A University of Michigan researcher disputes a recent critique of a survey used in drawing up controversial proposed hours of service regulations.
Two weeks ago, the American Trucking Associations released a study by Thomas Hubbard, a national expert on U.S. transportation data. ATA asked Hubbard to analyze the 1997 University of Michigan Trucking Industry Program Driver Survey, which was used by the university's Michael Belzer when developing his Hours-of-Service Impact Assessment for the Federal Motor Carrier Safety Administration. Hubbard compared the information to data from the federal government's Bureau of the Census' Vehicle Inventory and Use Survey.
Hubbard's analysis said the survey, conducted at truckstops in the Midwest, under-represents drivers who don't frequent truckstops: drivers working for private carriers, drivers who work close to their home base, and drivers hauling goods in trailers other than dry or refrigerated vans. In addition, it over-represents owner-operators, he says, and long-distance drivers.
In a three-page reply, Belzer admits that the survey is not representative of the full population of all truck tractor drivers, but says this is "completely beside the point….the key group which the UMTIP driver survey has been used to analyze is exactly the one for which the regulation is aimed: regional and long-haul over-the-road drivers of tractor-trailers."
Belzer says that while the group covered by the proposed hours of service regulations is large and includes many drivers operating smaller vehicles and running low miles, the hours of service proposal explicitly separated the type of regulations by type of operation. His survey, also used in his controversial book "Sweatshops on Wheels," focuses in on just one of those types on purpose.
During roundtables and listening sessions held last year on the hours of service proposal, many drivers and companies who would be covered by the medium- to long-haul regulations, yet who do not necessarily fit the UMTIP profile, testified against the proposal.
For instance, many less-than-truckload drivers pulling doubles are not likely to spend much time at truckstops. Timothy Lynch, president of the Motor Freight Carriers Assn., told DOT officials, "Unionized drivers are in virtual 100% compliance with the hours of service rules." Unionized LTL carriers don't truly fit any of the five categories, he said.

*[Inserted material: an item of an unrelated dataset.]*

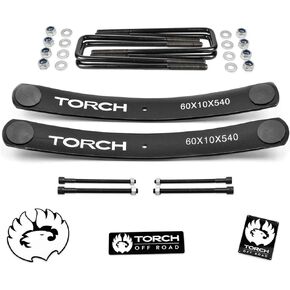 TORCH 1.5"-2" Rear Add A Leaf Lift Kit w/ 8.5" Square U Bolts for 1995-2023 Toyota Tacoma 2WD 4WD TRD SR5 - Models with 6 Lug Wheel Bolt Pattern ONLY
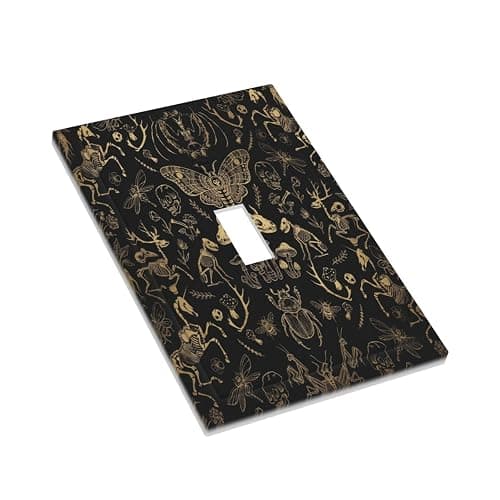 Dark Academia Gothic 1 Gang Light Switch Cover Vintage Witchy Skull Moth Decorative Single Toggle Wall Plates Outlet Covers Faceplates Electrical Switchplate for Retro Home Library Bedroom Decor thumbnail 4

Belzer and his associates also disputed Hubbard's analysis on technical grounds. "Hubbard bases his conclusions on a single survey of trucks - not drivers - and fails to test his data against other sources to determine the reliability of conclusions based on his single source," Belzer says. In disputing Hubbard's critique, UPTIP researchers compared their survey with other statistics, including the federal Current Population Survey from the U.S. Census Bureau and the Bureau of Labor Statistics, and the Financial and Operating Statistics data on for-hire motor carriers collected by the DOT's Bureau of Transportation Statistics.

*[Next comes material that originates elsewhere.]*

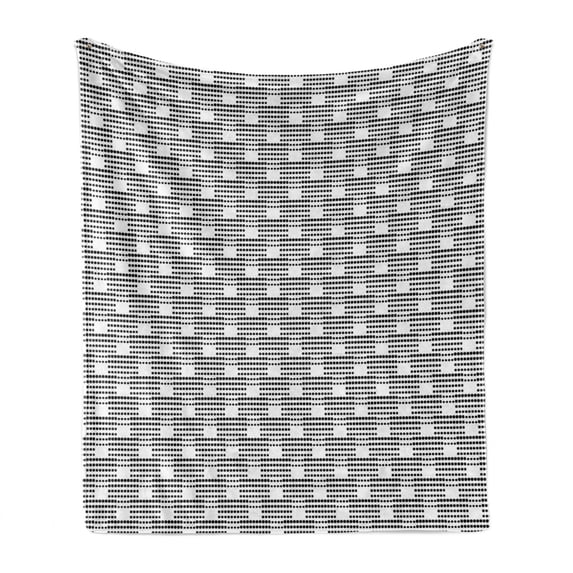 Abstract Soft Flannel Fleece Throw Blanket, Simplistic Contemporary Art Style Pattern with Monochromatic Boho Dots, Cozy Plush for Indoor and Outdoor Use, 50" x 60", Charcoal Grey White, by Ambesonne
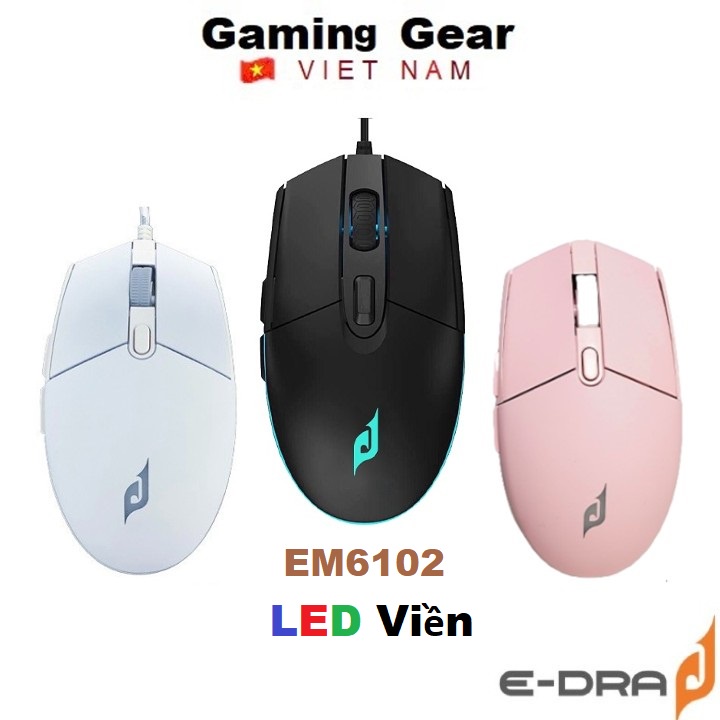 Chuột gaming E-dra EM6102 Trắng | Đen LED 7 Màu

"In sum, all the available evidence suggests that the sample UMTIP obtained with its driver survey looks very much like the correct sample of the population of interest for the purposes of regulating truck driver hours of work… Policy makers may rest assured that the UMTIP driver survey represents a fair and accurate picture of the truck driver's work life."

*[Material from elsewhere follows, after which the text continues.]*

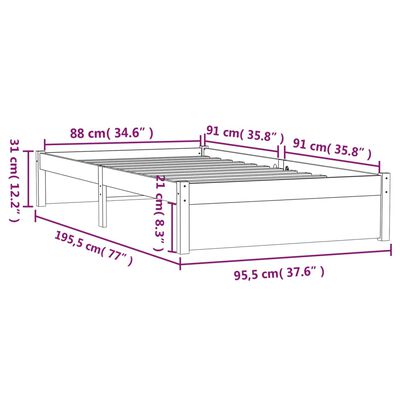 vidaXL Sängram massivt trä 90x190 cm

This is not the first time the UMTIP survey has come under attack during the hours of service debate. At an hours of service roundtable last September, safety advocates cited the survey, which revealed a very high level of logbook falsification - FMCSA used it to conclude that 40% to 75% of longhaul and regional drivers violate the rules in one way or another. ATA officials pressed the safety agency to put greater emphasis on its own data - the record produced by logbook audits conducted in official safety compliance reviews. They also pointed to the record of log violations found by police at roadside inspections, which is considerably lower than that shown by the truckstop surveys.
The argument is important because the safety agency uses logbook falsification to justify the extremely controversial electronic onboard recorder requirement - and the recorders are key to the economic and safety justification for the entire rule.